* EXERCISE: You are asked to reproduce the listing exactly and to omit its pictures.

* SOURCE DATA:

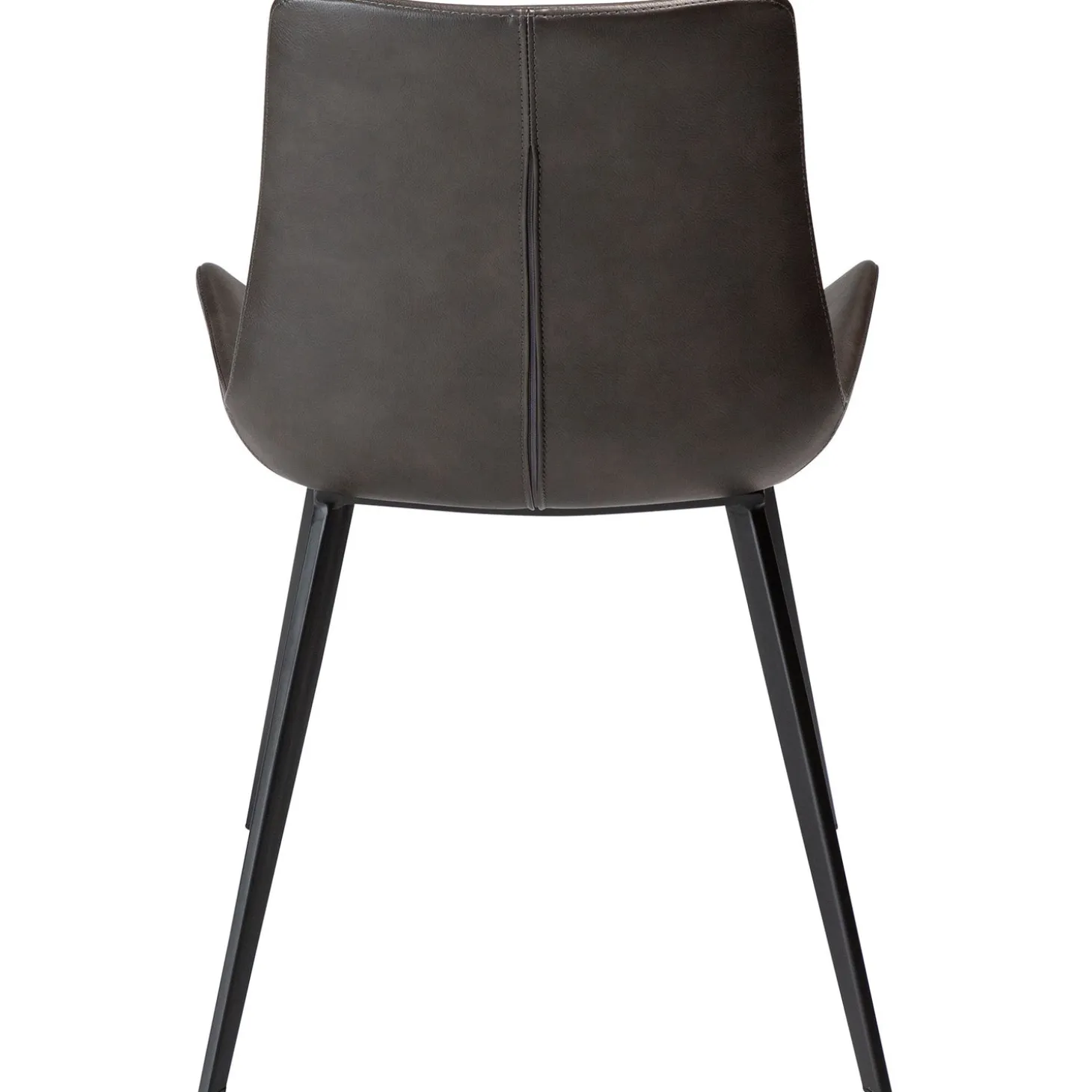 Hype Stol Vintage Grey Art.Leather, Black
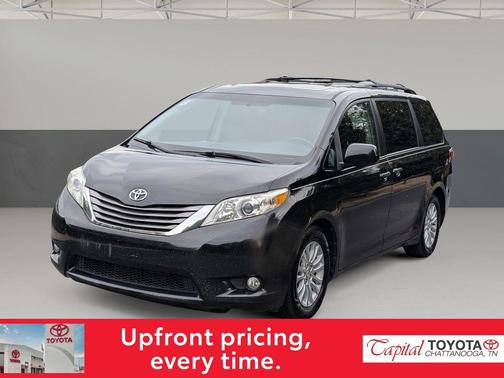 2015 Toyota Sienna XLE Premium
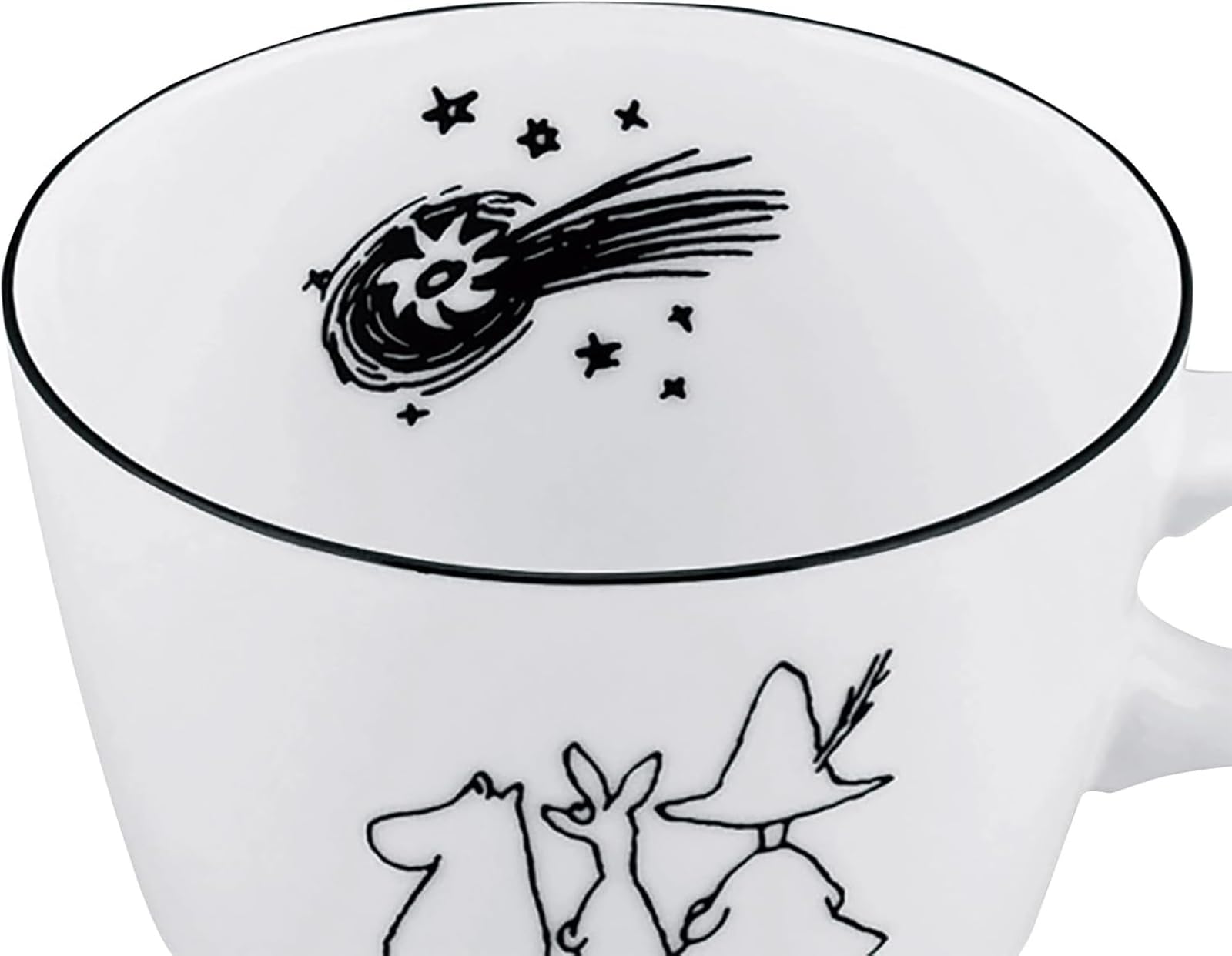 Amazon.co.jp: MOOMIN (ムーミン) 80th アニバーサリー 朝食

* ANSWER SECTION:
 Hype Stol Vintage Grey Art.Leather, Black
 2015 Toyota Sienna XLE Premium
 Amazon.co.jp: MOOMIN (ムーミン) 80th アニバーサリー 朝食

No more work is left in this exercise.